All use solar photovoltaic (PV) panels and are typically installed on the south facing roof of your structure. These panels power the system, producing DC (direct current) electricity when the sun is available. (If roof space is restricted or compromised, we can offer alternative solutions.)
Grid-tie or grid-connected systems make up most of solar energy systems in use. With Grid-tie systems, the DC electricity generated by the PV panels passes through wiring on the roof, down to an inverter mounted on the house.
The inverter converts the DC electricity to AC (alternating current) electricity that is compatible with home or office wiring and appliances. The AC power from the inverter then passes to the main electrical panel where it can supply the needs of the building.

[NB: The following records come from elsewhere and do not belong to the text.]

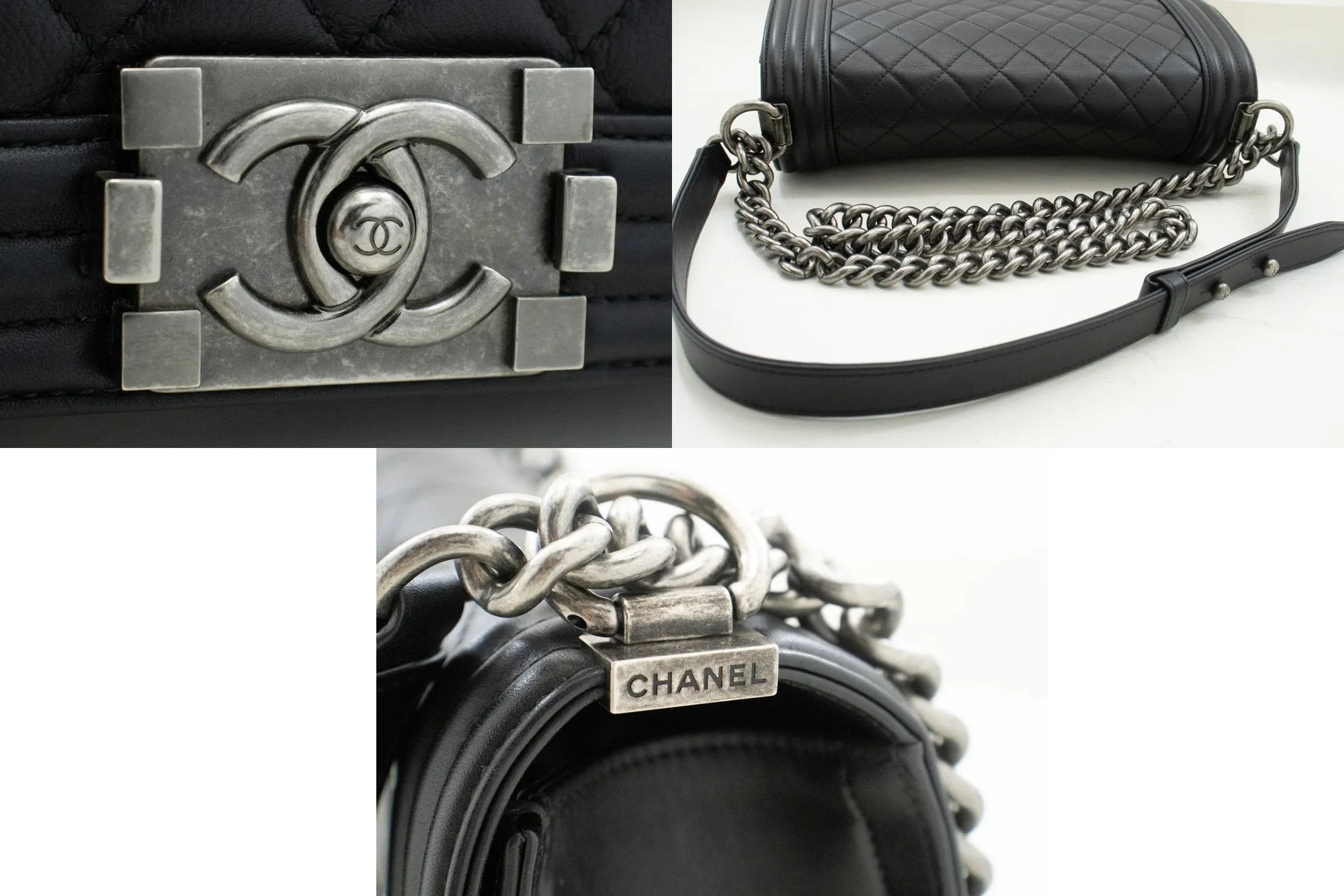 CHANEL Boy Chain Shoulder Bag Black Quilted Flap Calfskin Leather m56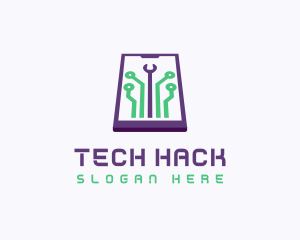 Smartphone Tech Circuit logo design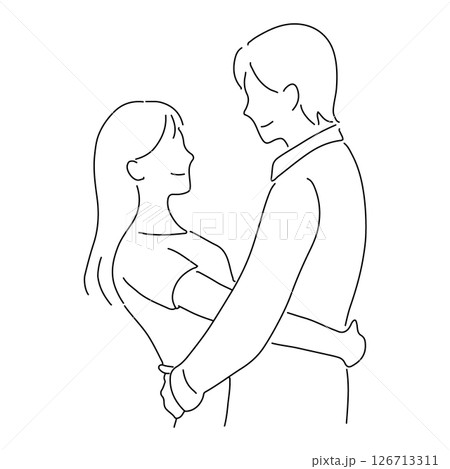 笑顔で笑い合う男女のカップル・ラインアート・抱き合いながら見つめ合った二人の人物 126713311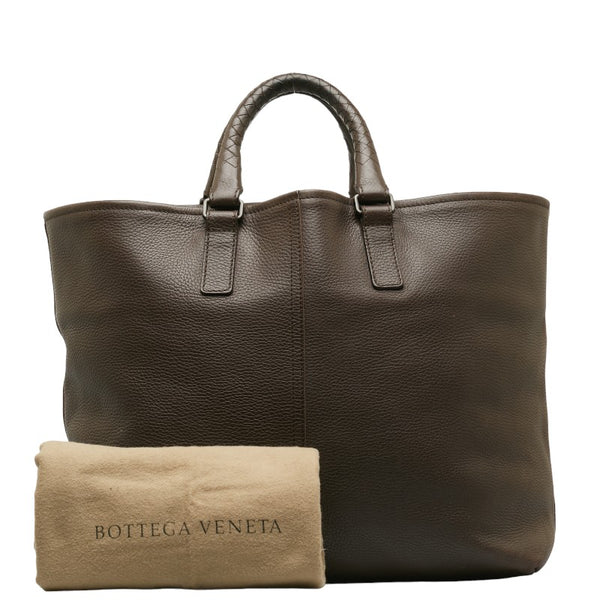 ボッテガヴェネタ イントレチャート マルコポーロ トートバッグ ブラウン レザー レディース BOTTEGAVENETA 【中古】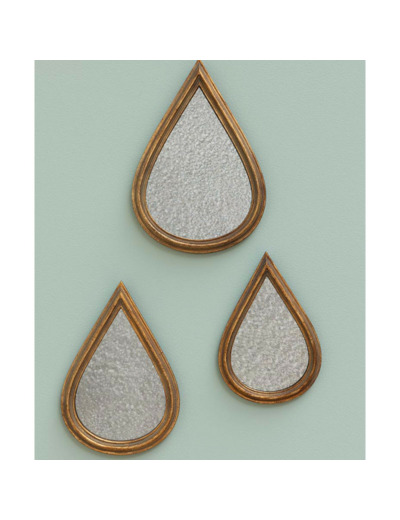 Ensemble 3 miroirs goutte d'or 17x25x2cm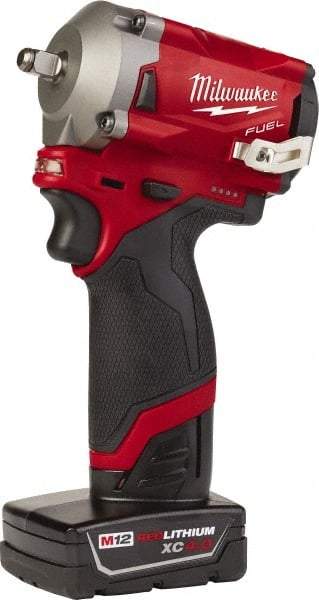 Milwaukee Tool - 3/8" Drive 12 Volt Pistol Grip Cordless Impact Wrench & Ratchet - 2,700 RPM, 0 to 3,200 BPM, 250 Ft/Lb Torque, 2 Lithium-Ion Batteries Included - Eagle Tool & Supply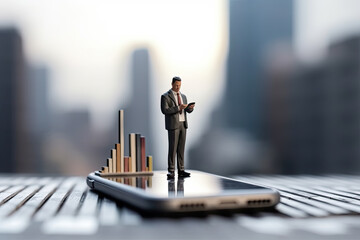 Miniature toy people figurine of businessman using smartphone, standing on phone screen with graphs of data on trading on stock exchange, created with Generative AI - obrazy, fototapety, plakaty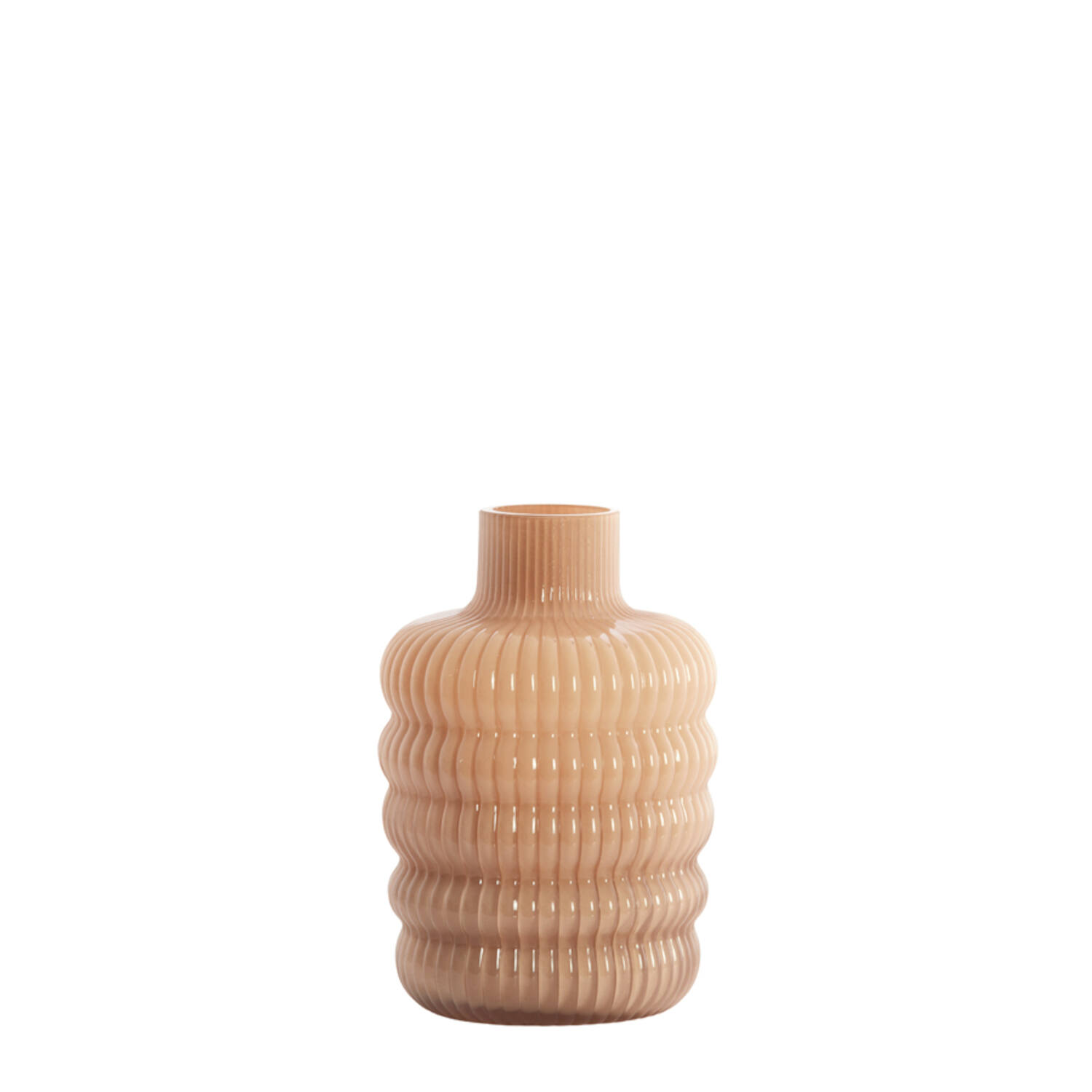 Light & Living Vaas Ø13,5x20,5 cm LUNETTE glas karamel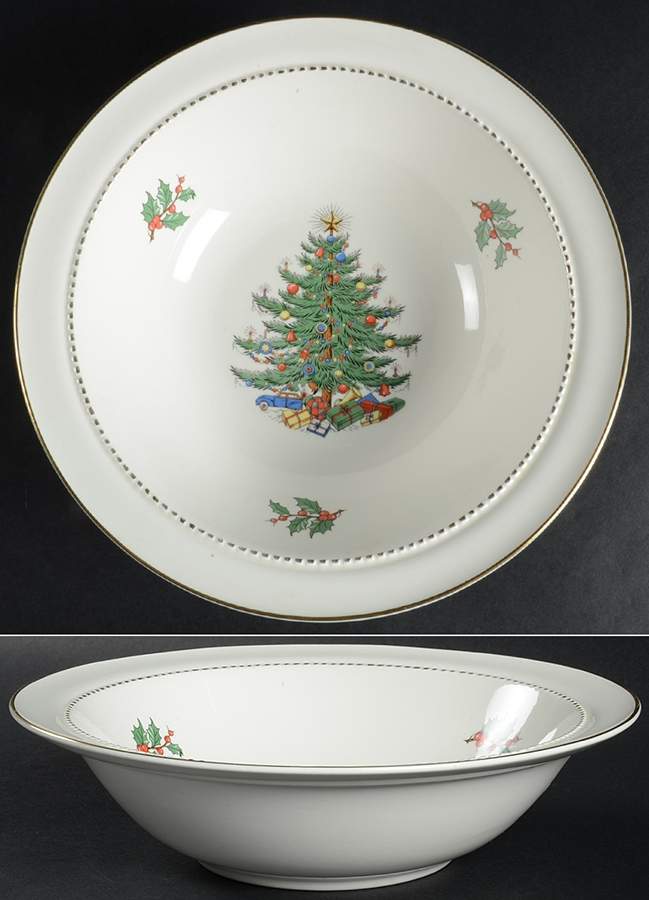 Christmas Tree & Holly 9" Round Vegetable Bowl by Hall-1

Excess energy can generate utility credits
Typically, during sunny periods, the solar panels generate excess energy. This excess electricity passes backward through the electric meter and to your utility’s power grid.
In most cases, you will get a full or partial credit for this excess electricity applied to your electric bill. When the sun is not shining, you will use electricity from the electric utility grid as you would if you did not have a solar energy system.
A grid-tie system can be sized to meet part or all of you electricity needs. Systems that meet all of your needs will produce enough excess electricity during sunny periods to totally offset the power used when the sun is not shining.